Rab's walls are hung with pictures of the outdoors. Sometimes he stays inside just to look at them.
Rab's walls are hung with pictures of the outdoors. Sometimes he stays inside just to look at them.

I’m your man for a pastoral scene.

You’d think that, for someone who wanders about in the great outdoors fairly regularly, the last thing I’d need would be walls festooned with pictures of … the great outdoors.

Some days, I don’t go outside but just stay in and look at my pictures of outside.

It’s almost as good. It’s not so cold. There aren’t any puddles.
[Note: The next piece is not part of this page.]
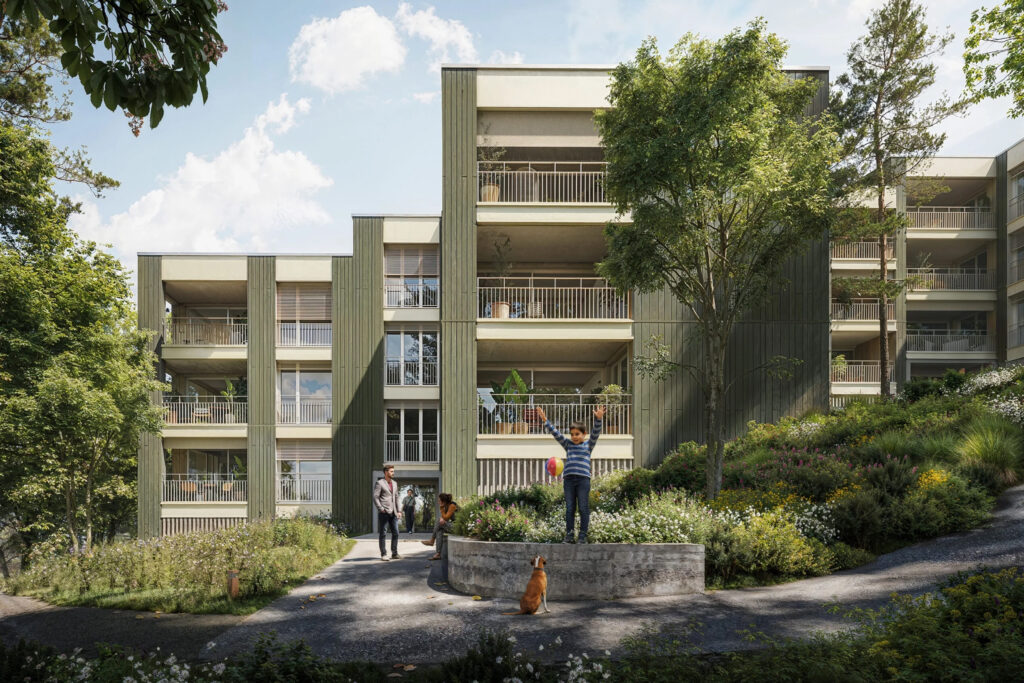 Visualisierung Hauseingang Wohnüberbauung Häfelerhau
And you don’t spend ages fiddling with the toggles on your hood.

Places I’ve never been

But, of course, my outdoor scenes in prints at home are all of scenes from other places, some of which I’ve never visited.
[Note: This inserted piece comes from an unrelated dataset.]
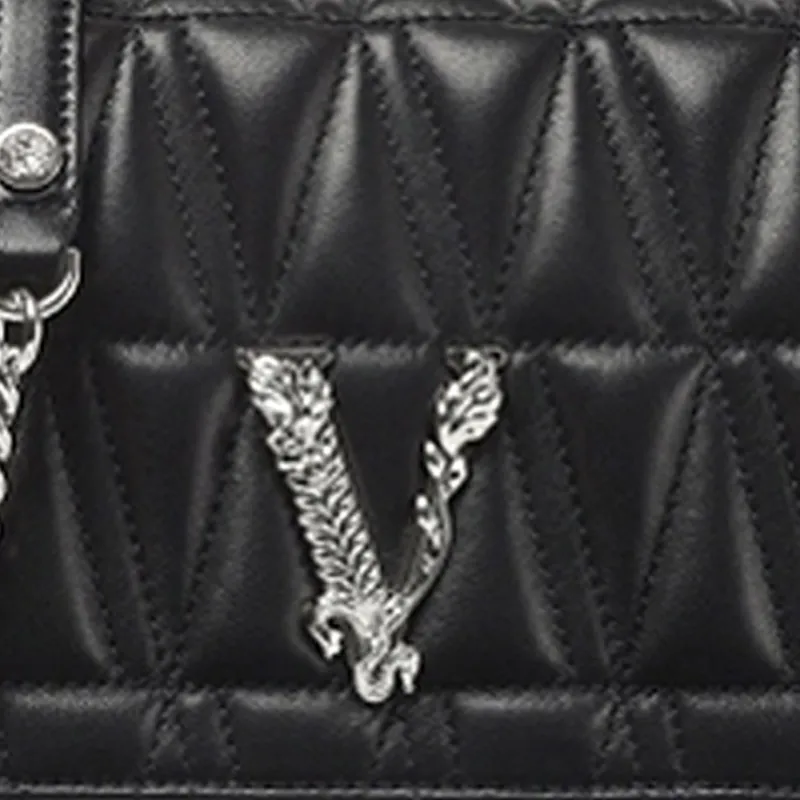 VERSACE Virtus Leather Evening Party Bag Shoulder Bag Crossbody Bag Women's Black-3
I’ve got Chinese mountains, Norwegian fjords (though I have visited these), Sussex lanes.

I’ve also got railway and travel posters, full of happy folk wearing suits to the seaside or stravaiging over the downs in Baden Powell shorts.
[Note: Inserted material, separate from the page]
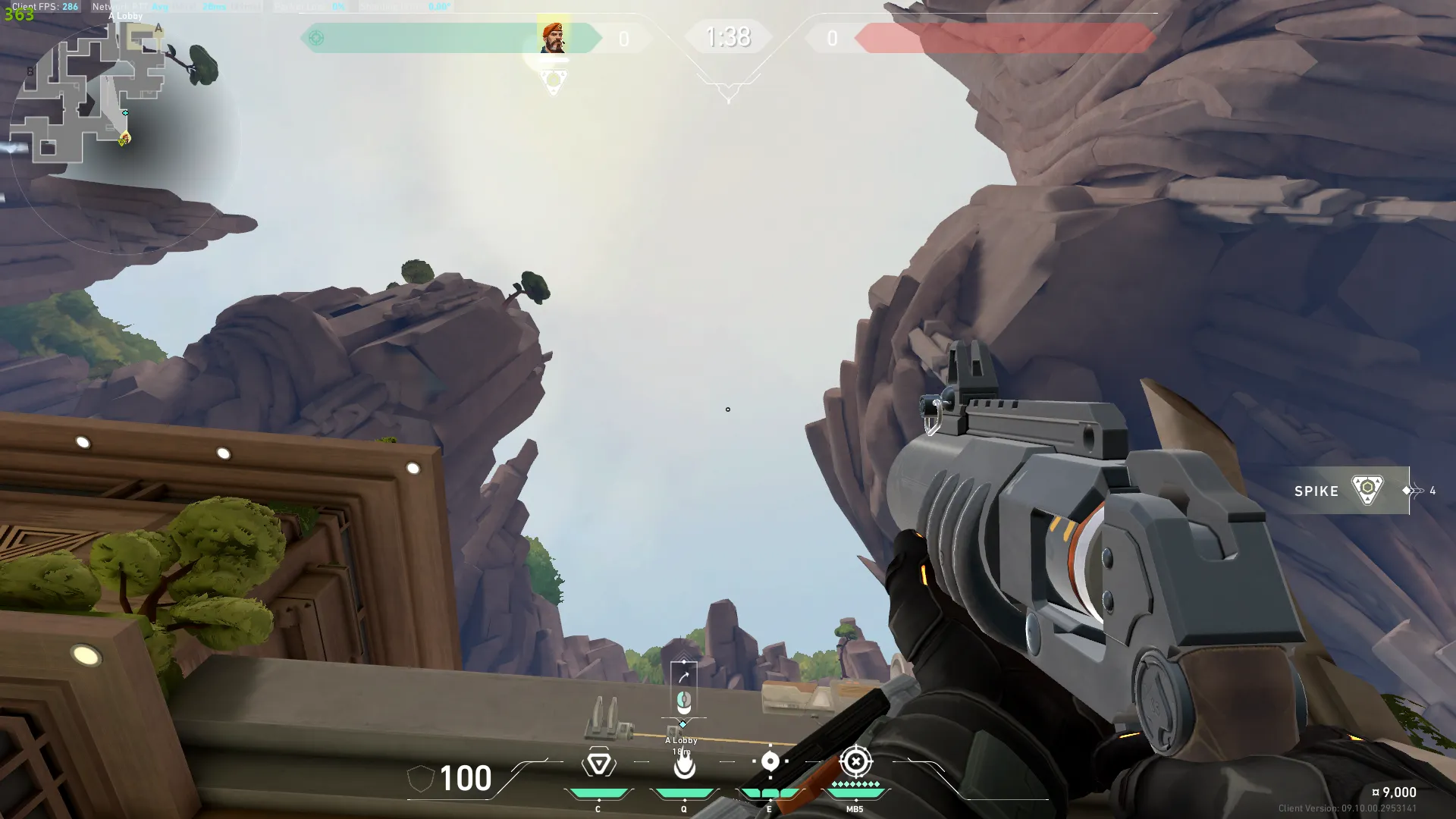Brimstone Incendiary on Abyss Attack Site A — step 2 of 3: Aim — line up the shot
Many prints on my wall are of another island where I used to live.

That place is in my soul, though I haven’t been back for many years and, on that occasion – for work – found it odd to be a visitor rather than a resident.

It felt like a chain had been snapped.

The special pictures are the ones with something extra.

I also have a few prints of city landmarks that I miss: a big, decorative public clock, a canal, a neo-classical building.

Islands are not big on architecture and, when I visit cities now, I find my eyes going doolally with joy as they run up and doon cupolas and pediments.

Old buildings, of course. Nothing much to appreciate in square, glass boxes.

The best of my prints and paintings capture something “other” or “extra” in a scene: a mood or an atmosphere or – somewhat inevitably, I suppose – a deep stilless, even when depicting something in motion.

They’ve stopped it and fixed it forever.

‘I swear I got splashed by the sea scene’

I’m afraid I don’t have much original art on my walls, just a sea scene painted by a friend’s uncle, and more sea scenes by the talented cartoonist on my old local paper.

What were they trying to tell me? Get in the sea?

My old cartoonist pal’s paintings in particular somehow capture the motion of the sea or small boats upon it.

I swear that, examining one closely once, I got splashed in the face. Now, when I look at these prints, I always wear a sou’wester and oilskins.

Recently, I thought how it must be fantastic to be able to paint or draw, to capture things for myself.

But I just don’t have any talent in that direction (reader’s voice: “Or any other direction”; cheeky).

I love a Christmas card…

In the meantime, at this time of the year, I must say the house is made even more merry by Christmas cards, be they ever so clichéd.

Indeed, the more clichéd the better: Santa, reindeer, elves, I love ‘em all.

Now, though, it’s time for your Uncle Rab to don his anorak and get ootside.

Here be wind and air and wetness, perhaps even the odd ray of unseasonal sun.

From time to time, I stop and frame a scene with my camera or phone: capturing more stillness.

Here’s a thought: wouldn’t it be funny if we hung pictures of indoor scenes on trees or bushes?

Hope I’m not giving anyone any ideas here.